2. There may be no exception analysis when triggered by APM Intelligent Inspection
When there is no exception analysis in the inspection report, please check the current data collection status of datakit
.
3. Under what circumstances will an APM Intelligent Inspection event be generated
Use metrics such as error rate and P90 as entry points to trigger the collection of alarm information and root cause analysis when one of these metrics changes abnormally and has an upstream and downstream link impact.
4. Abnormal errors are found in scripts that were previously running normally during the inspection process
Please update the referenced script set in DataFlux Func's script marketplace, you can view the update log of the script marketplace via Change Log to facilitate immediate script update.
5. During the upgrade inspection process, it was found that there was no change in the corresponding script set in the Startup
Please delete the corresponding script set first, then click the upgrade button to configure the corresponding Guance API key to complete the upgrade.
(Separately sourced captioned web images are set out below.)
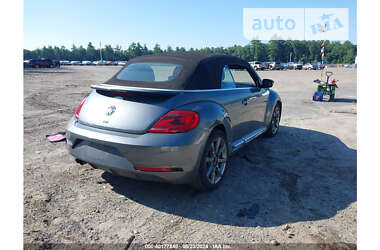 Кабриолет Volkswagen Beetle 2014 в Киеве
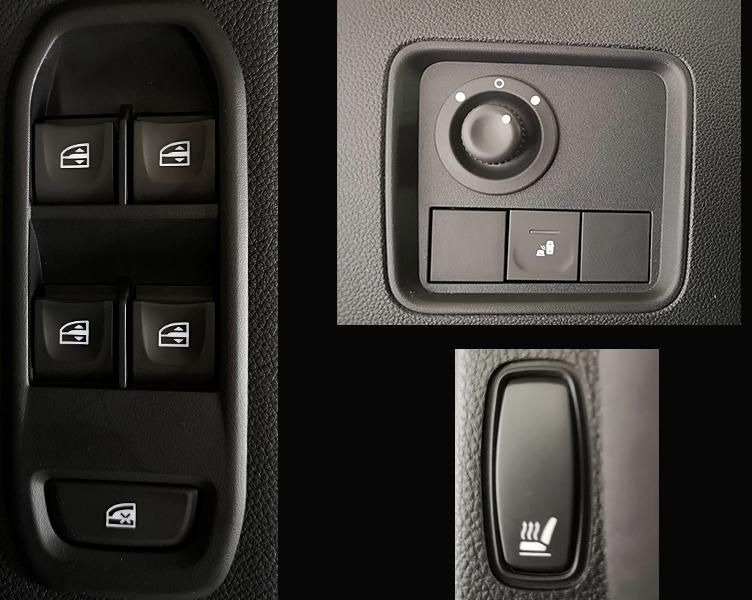 SUV Dacia Duster Prestige Tce 130*KLIMA*SHZ*R-KAM*DAB*NAVI: picture 20 SUV Dacia Duster Prestige Tce 130*KLIMA*SHZ*R-KAM*DAB*NAVI: picture 20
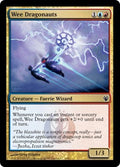 Wee Dragonauts | Duel Decks: Izzet vs. Golgari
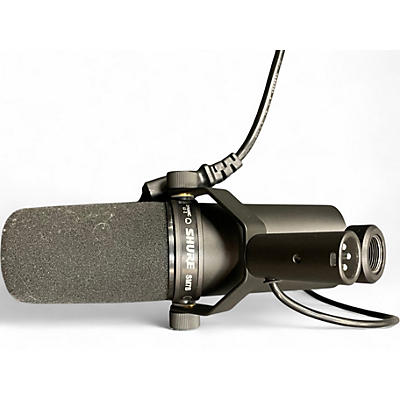 Used Shure SM7B Dynamic Microphone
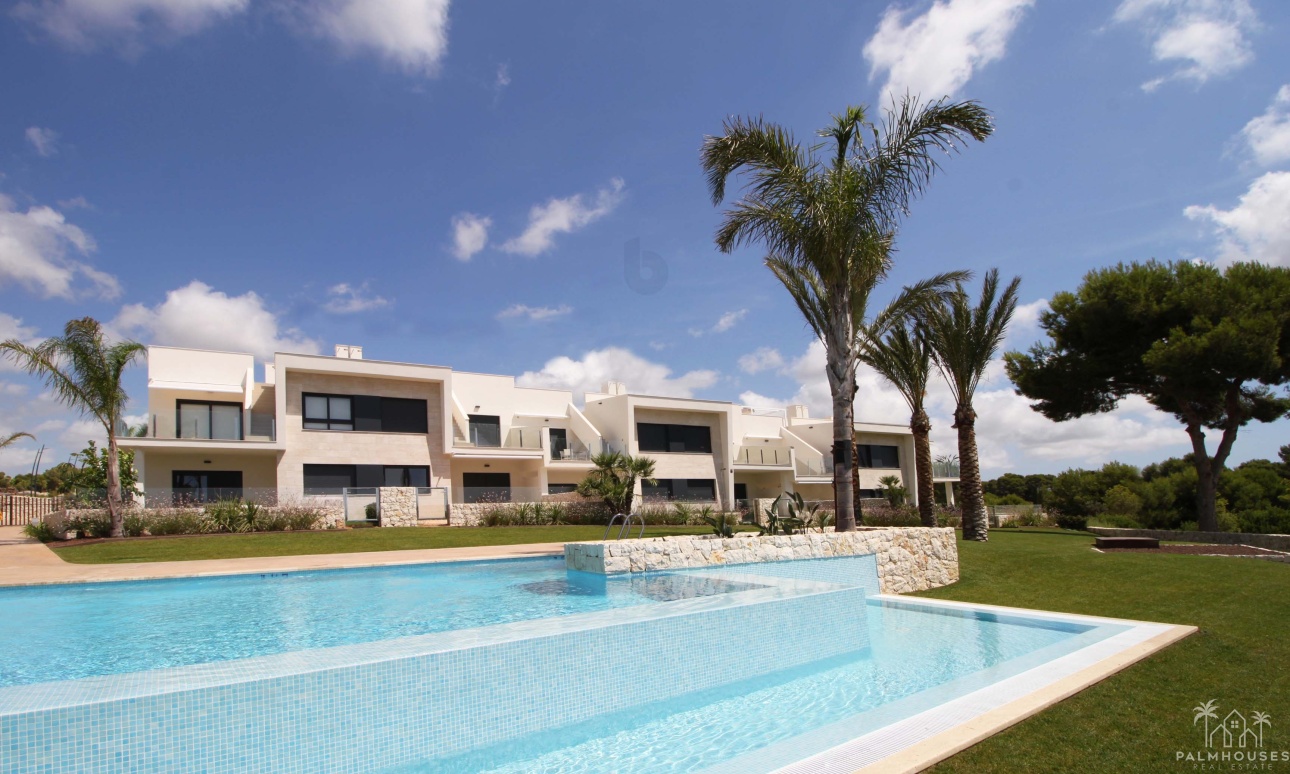 Nouvelle construction - Apartment - Pinar de Campoverde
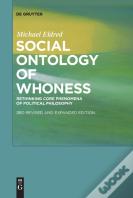 Social Ontology Of Whoness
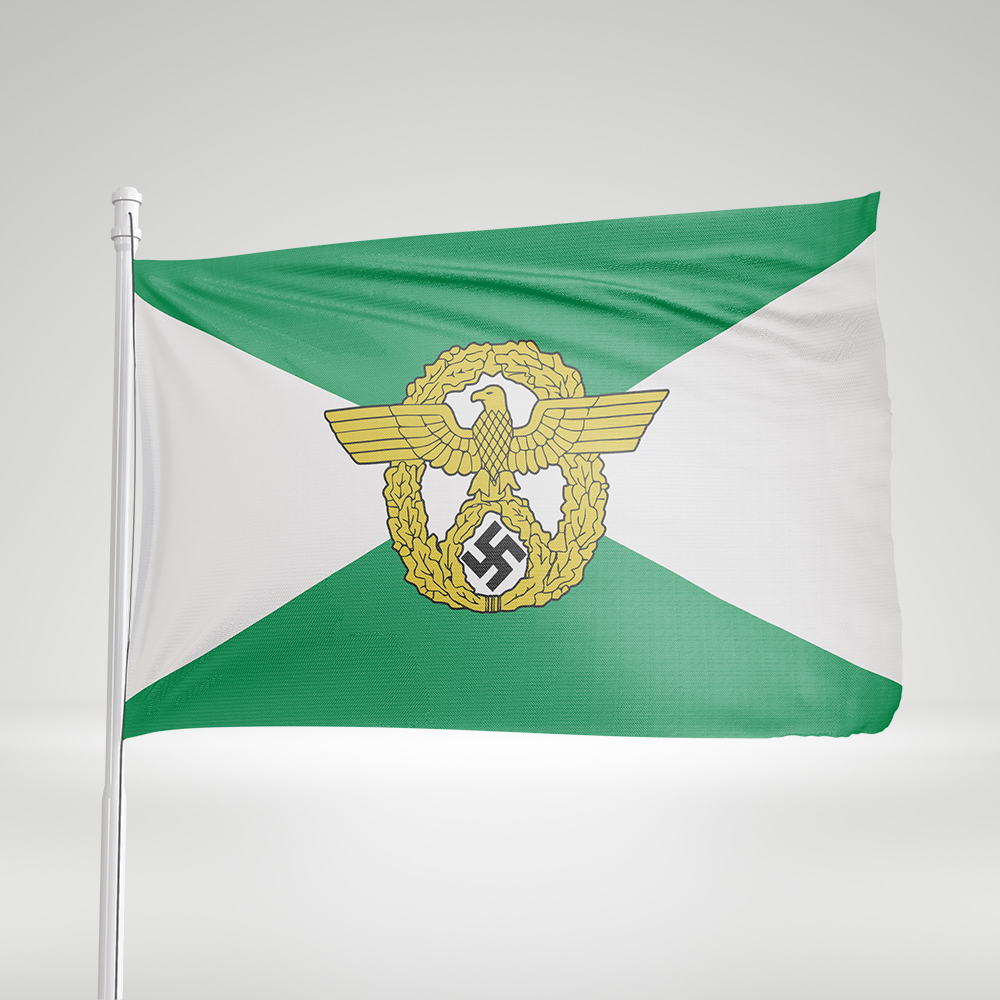 Gestapo • Flag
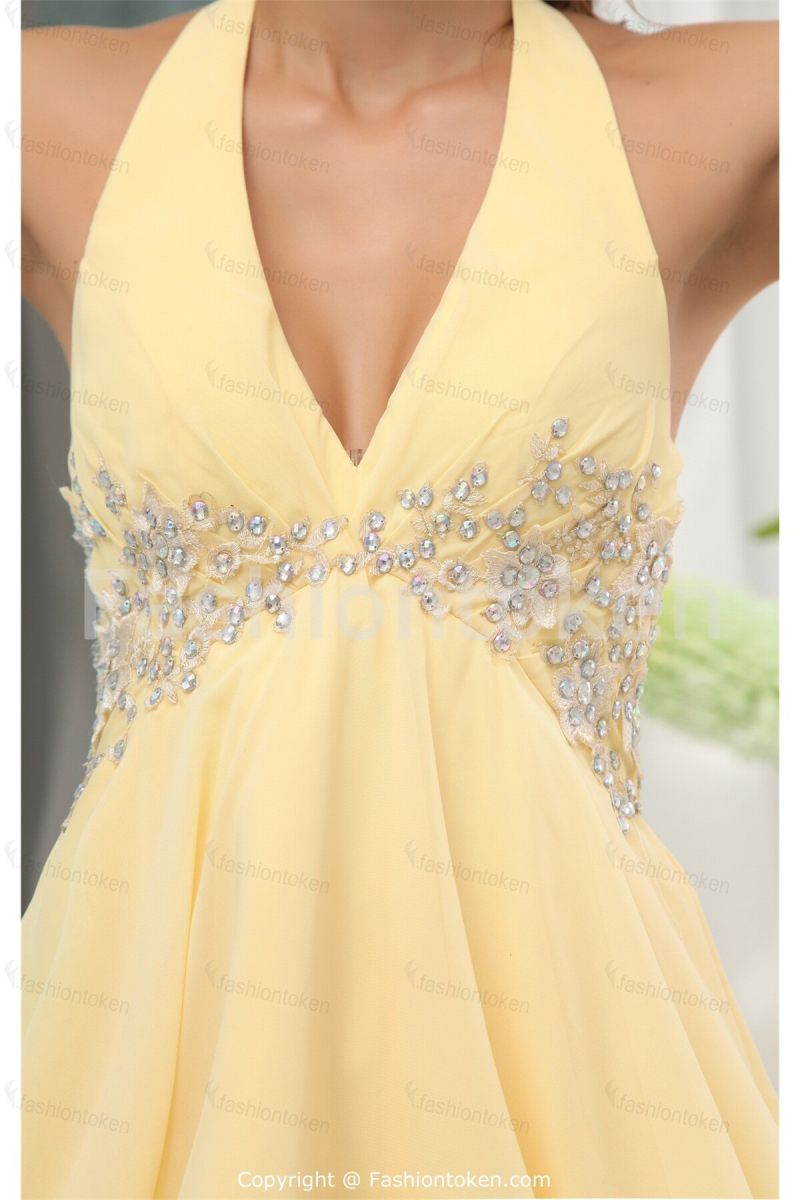 A line dresses for wedding guests Photo - 4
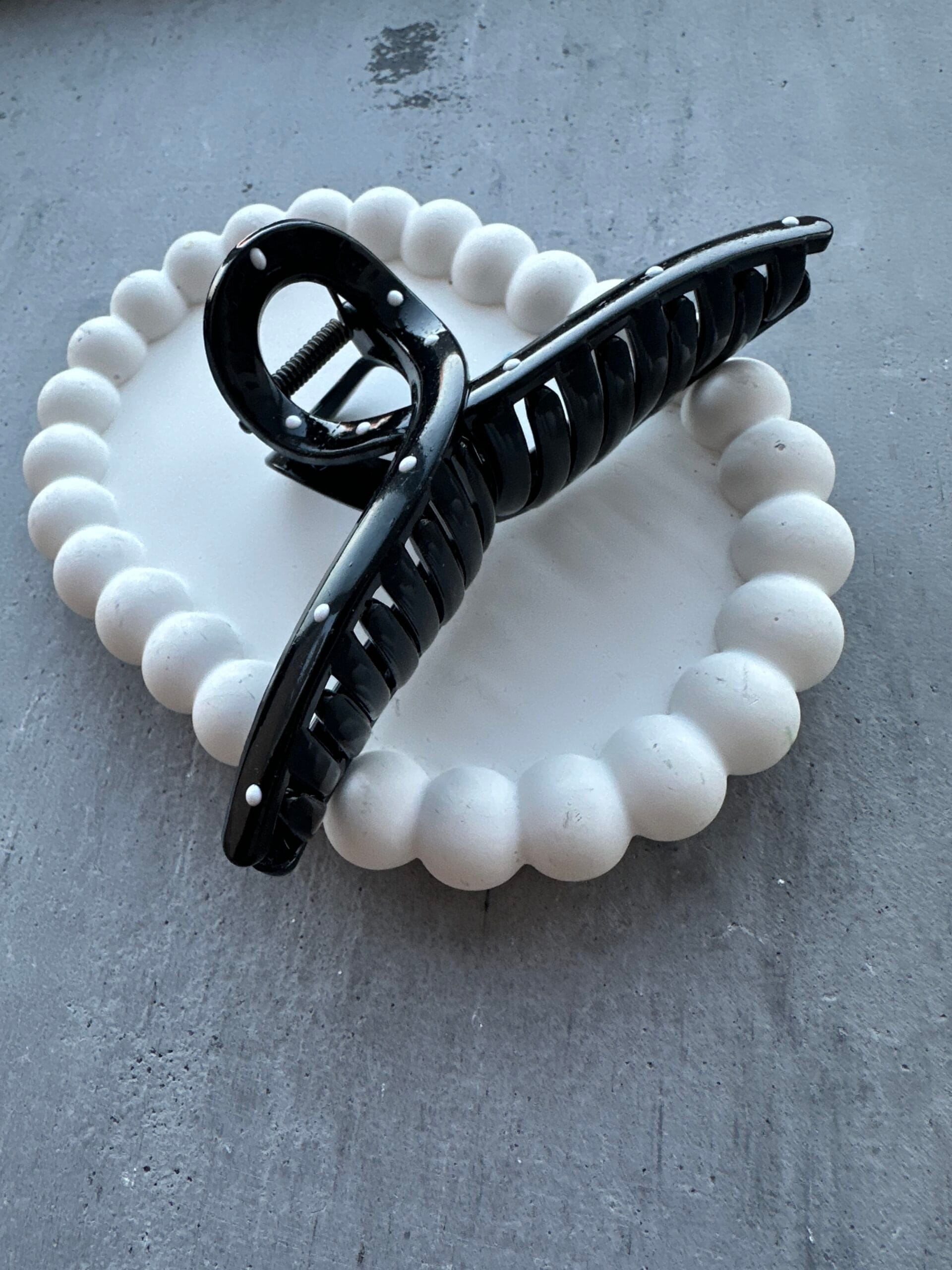 Plaukų žnyplės klasika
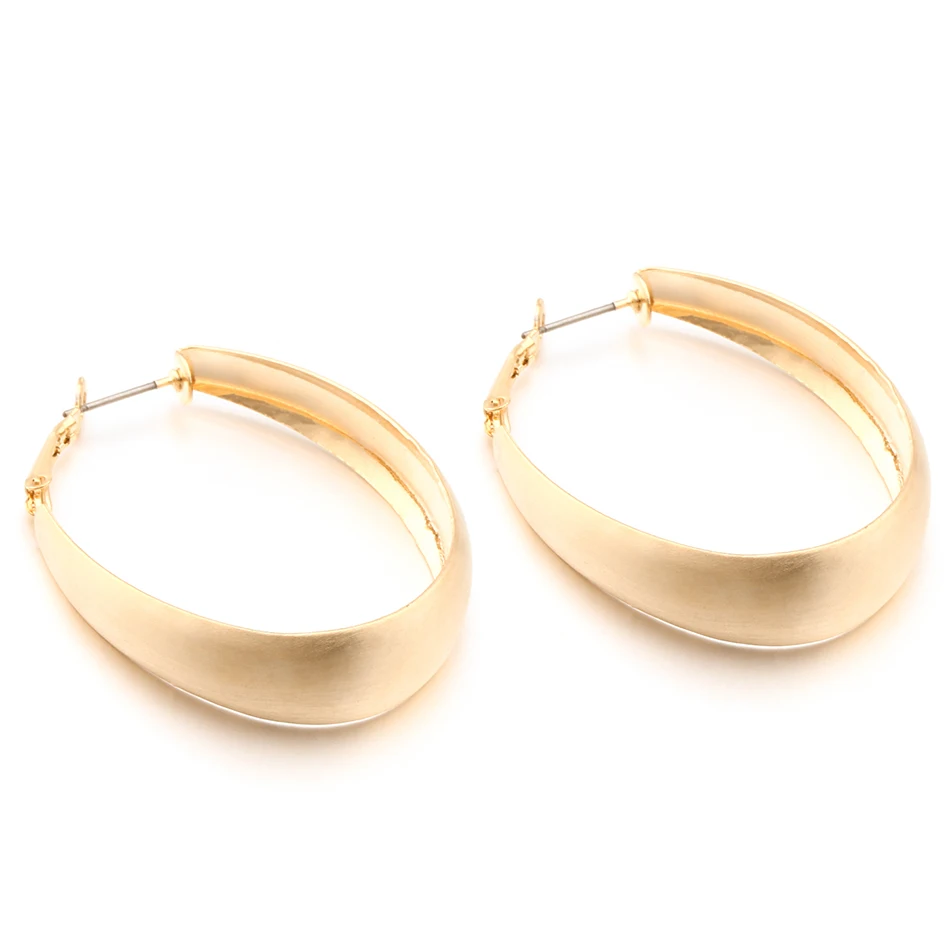 Модные женские серьги Match Right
6. How to determine if the inspection is effective after it is enabled
Check the corresponding inspection status in "Management/Auto-trigger configuration". The status should be "enabled" first, and then click "Execute" to verify if there is any problem with the inspection script. If the words "executed successfully xxx minutes ago" appear, the inspection is running normally and is effective.